The anthology, taken as a whole, becomes a meditation on the many registers of leave-taking, whether emotional, corporeal, linguistic, or spatial. It examines departures from childhood, from the city, from familiar selves, and even from the body itself, presenting leaving not as a singular event but as an enduring condition of human experience. The volume mourns and celebrates in equal measure, demonstrating how leaving becomes woven into the rhythms of everyday life.

Adania Shibli’s account, which first appeared in Seeking Palestine: New Palestinian Writing on Exile and Home, finds a renewed place in this anthology. Shibli, a Palestinian novelist and critic whose spare and incisive prose traces the entanglements of place, language, and the long aftermath of violence, contributes one of the collection’s most compelling pieces. Recalling the familiar story of the old man and his clock, she uses it not as a retelling but as a lens through which to contemplate the fragile continuities of everyday life in a landscape marked by erasure. The clock, once a simple device for catching trains, evokes a time when ordinary routines still shaped Palestinian life.

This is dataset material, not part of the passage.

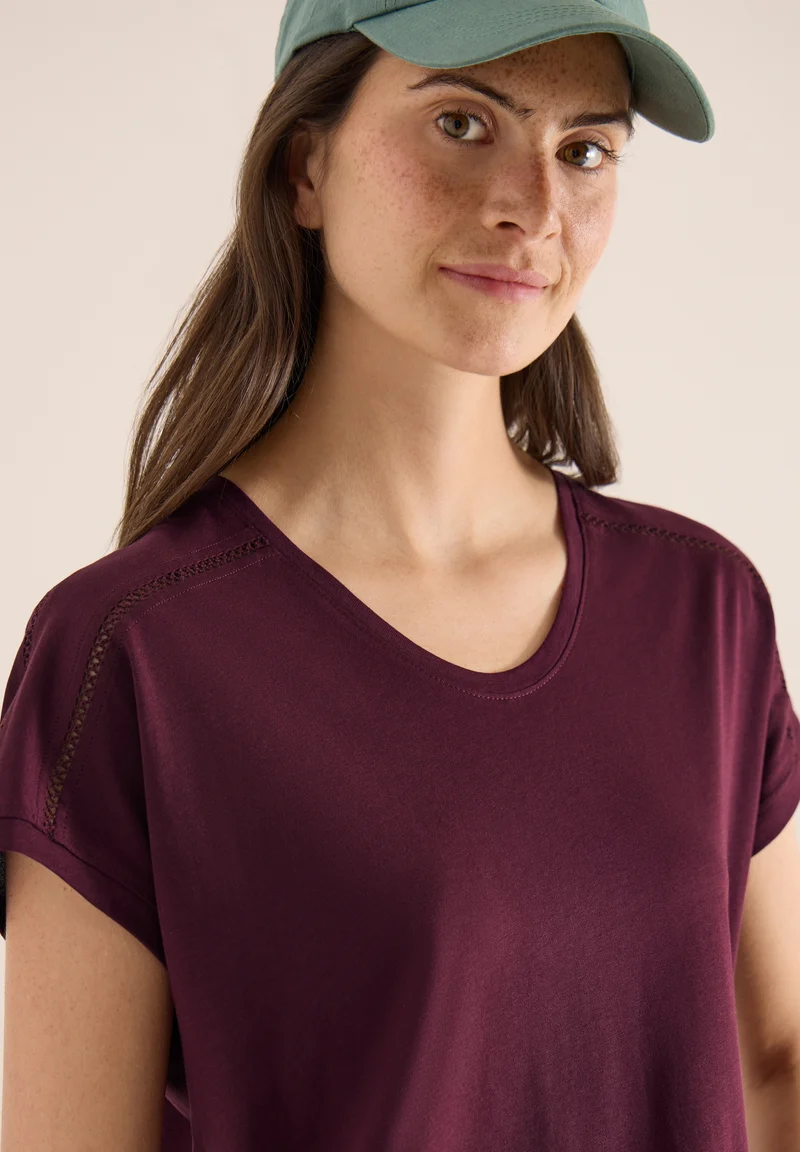 NOS Solid Lace Shoulder T-Shir, sweet grape red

The anthology’s thematic breadth is further expanded by contributions from writers such as Aamer Hussein, Arundhati Subramaniam, Ranjit Hoskote, Bulbul Sharma, Anita Anand, Chaitanya Kalbag, Kshama Kaul and Gagan Gill, whose diverse voices collectively underscore the volume’s richness in range.

Together, they draw the reader into a finely-textured exploration of leave-taking across emotional, political, linguistic, and existential dimensions. In doing so, they affirm the anthology as a significant and resonant contribution to contemporary literary and cultural discourse.

The volume invites readers to consider leaving not as a single rupture but as an ongoing negotiation with time, memory, and the self. It reflects on how people remember, endure, and narrate loss, and how these practices shift across different social and linguistic contexts. Several of the narrations are reprinted from their original publications, and their integration broadens the volume’s scope while giving its thematic architecture greater depth and coherence. The book concludes with full acknowledgements of these earlier sources. In tracing these varied experiences of leave-taking, A Stone Thrown in a Pond offers a measured and affecting meditation on memory, affect, and subjectivity, and merits inclusion in both scholarly and pedagogical conversations.

Sabah Hussain teaches at the Centre for the Study of Social Inclusion, Jamia Millia Islamia. Trained as a political scientist, she writes and thinks across gender, identity, elections, cinema, political theory, and critical thought. Her work has previously taken her to the Department of Political Science, Lady Shri Ram College, University of Delhi, Delhi.